Discussion in 'Universal Render Pipeline' started by TheoKiloo, Aug 8, 2022.

  1. TheoKiloo

    TheoKiloo

    Joined:
    Dec 5, 2016
    Posts:
    10
    I am working on a custom render feature that will allow rendering 3D objects within UI-defined RectTransforms with per-object customization.

    The current setup is working, but I'd like to optimize the performance to improve scalability when using many images at the same time.

    upload_2022-8-8_14-55-16.png

    In simple terms, my current setup is as follows:

    1. Find all active 3D images.
    2. Change all the model instances to be on a "NoRender" layer.
    3. For each of the images:
    a. Mask the area: draw a stencil-only pass of a quad that matches the RectTransform rect.
    b. Change the layer of the relevant model instance to be a "CustomRender" layer.
    c. Apply custom settings.
    d. Cull the visible geometry (filtering for "CustomRender" layer).
    e. Draw opaque renderers.
    f. Draw transparent renderers.
    g. Unmask the area: draw a stencil-zero'ing pass using the data from step a.
    h.
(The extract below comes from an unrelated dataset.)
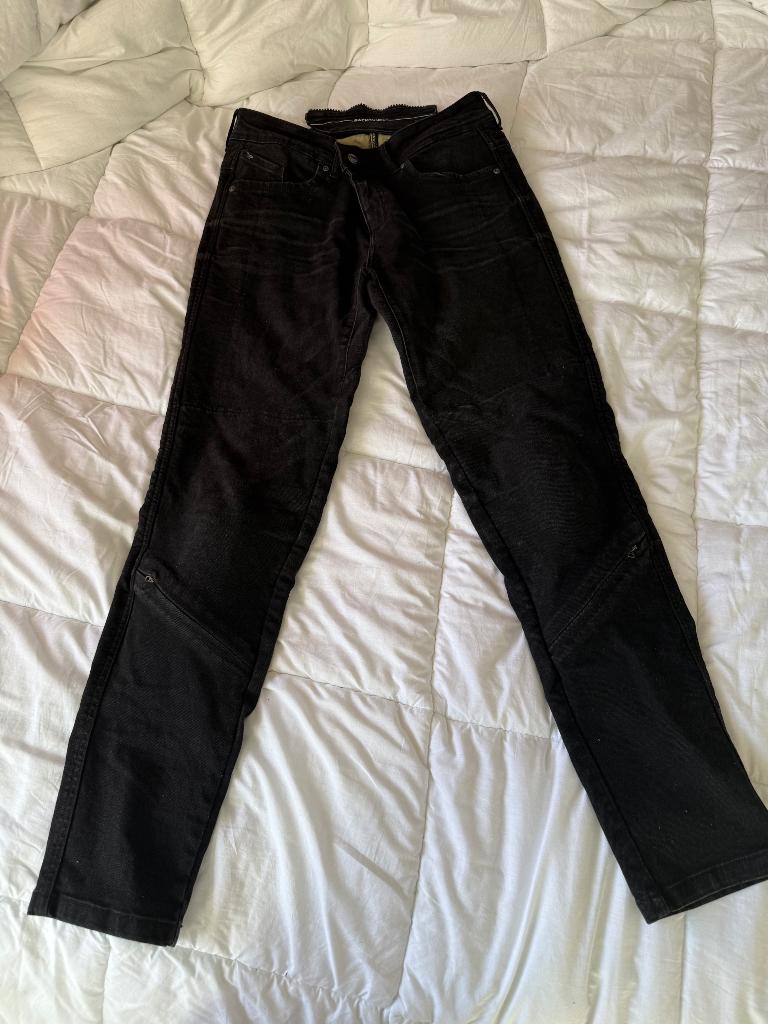 bijna Nieuw Dames Motorbroek Macna, Motoren, Kleding | Motorkleding, Broek | leer, Ophalen of Verzenden, Dames, Tweedehands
Revert layer modification, camera settings, etc.

    When profiling, I see that the culling takes up ~35% of the render time, which seems like an obvious candidate for optimization, especially since I already know which objects to render.

    I am currently using ScriptableRenderContext.DrawRenderers to render objects in steps e and f, as it seemed to be the simplest way of rendering the hierarchy. Unfortunately it requires a
    CullingResults
    struct, which I haven't been able to customize with a known list of objects.
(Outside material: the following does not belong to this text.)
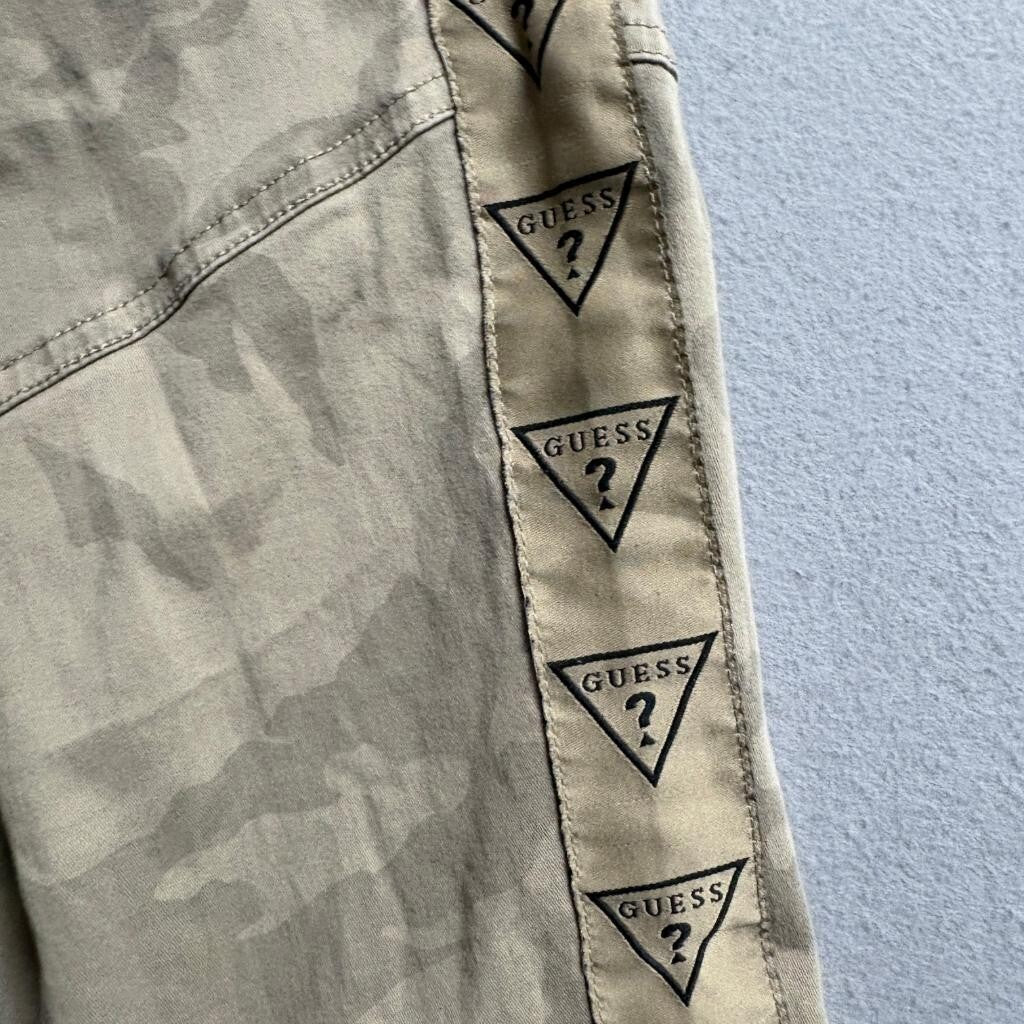 Guess Los Angeles Mens Small Camo Jogger Pants Khaki Logo Tape Side Stripe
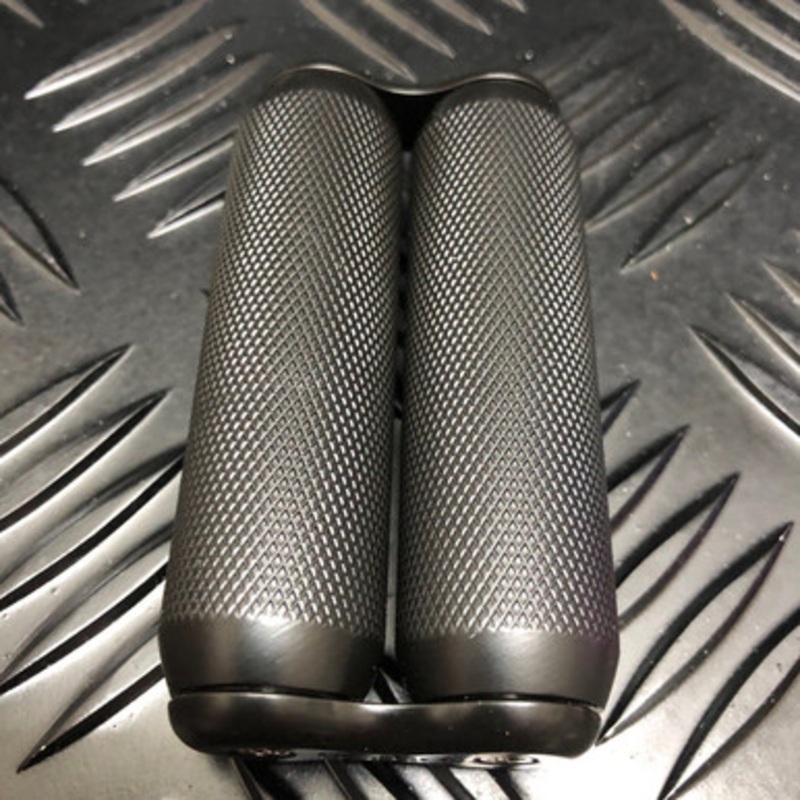 Kaiko Fidgets – Textured Black Hand Roller in Black Carry Case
    Is there any other approach that I can use instead?
     
    Tartiflette likes this.
  2. DevDunk

    DevDunk

    Joined:
    Feb 13, 2020
    Posts:
    5,048
    Have you looked into URP's renderobjects using stencil?
    It is a bit less scalable maybe (unless if the viewing angle always is straight on, then you can use 1 stensil override)
     
  3. TheoKiloo

    TheoKiloo

    Joined:
    Dec 5, 2016
    Posts:
    10
    Not entirely sure what kind of stencil setup you're thinking of. Could you elaborate a bit? My custom render feature mostly builds upon the RenderObjects code, and I do use the stencil already in order to draw only the masked area (stencil id 1, comp equals, pass keep).

    The system would need to handle a highly flexible amount of 3D objects, so I would not be able to just add separate layers for each image either.
     
  4. DevDunk

    DevDunk

    Joined:
    Feb 13, 2020
    Posts:
    5,048
    Stuff like this is how I made portals in my AR project. Seems like it would work here as well:

     
  5. TheoKiloo

    TheoKiloo

    Joined:
    Dec 5, 2016
    Posts:
    10
    In essence, placing the 3D objects in the right spot, write the stenciled area and then do a single cull/render pass for all 3D objects?

    Unfortunately I don't think this approach will work. The rendered gameobjects would appear in other images' masked area due to the stencil value. Each image should only be allowed to render the assigned gameobject.

    upload_2022-8-9_15-54-1.png

    In addition to that, the camera can also be customized for each object, with each image having custom projection matrices (based on the center of the image, instead of the center of the screen).

    There might be a slight optimization possible in terms of incrementing the stencil id per-image instead of having an unmask pass, but that puts a limit to how many images can be on the screen at any given time, and it doesn't seem like the unmasking is what's making it expensive.
     
  6. TheoKiloo

    TheoKiloo

    Joined:
    Dec 5, 2016
    Posts:
    10
    I've found an optimization that has provided a very nice performance boost. It does introduce a limitation of 32 active 3D elements at a time, but that's good enough for my intended purpose.

    The change I've done is to eliminate the per-image cull and instead perform a single cull operation where all the objects of the visible images are active at the same time. Before culling, I find all the child renderers for each individual image and assign an incrementing mask value to their renderingLayerMask (all objects in Image1 is assigned 1 << 0, Image2 is 1 << 1, Image3 is 1 << 2 and so on).

    Then before calling
    context.DrawRenderers
    I make sure to update the
    FilteringSettings.renderingLayerMask to match the value of the image I'm rendering. This is a much cheaper way of rendering only certain objects rather than doing a full cull operation.

    After rendering the objects, I then set their renderingLayerMask back to 0, to ensure subsequent cameras don't catch the same objects.

    It's worth mentioning that I've also changed the recursive layer assignment to only affect GameObjects with renderers, but it doesn't seem like it had a big impact on performance.

    If more than 32 images are needed, I believe it should be possible to loop this entire operation so another culling operation would be performed, but I'll leave that problem for future me.
     
    dylannorth and DevDunk like this.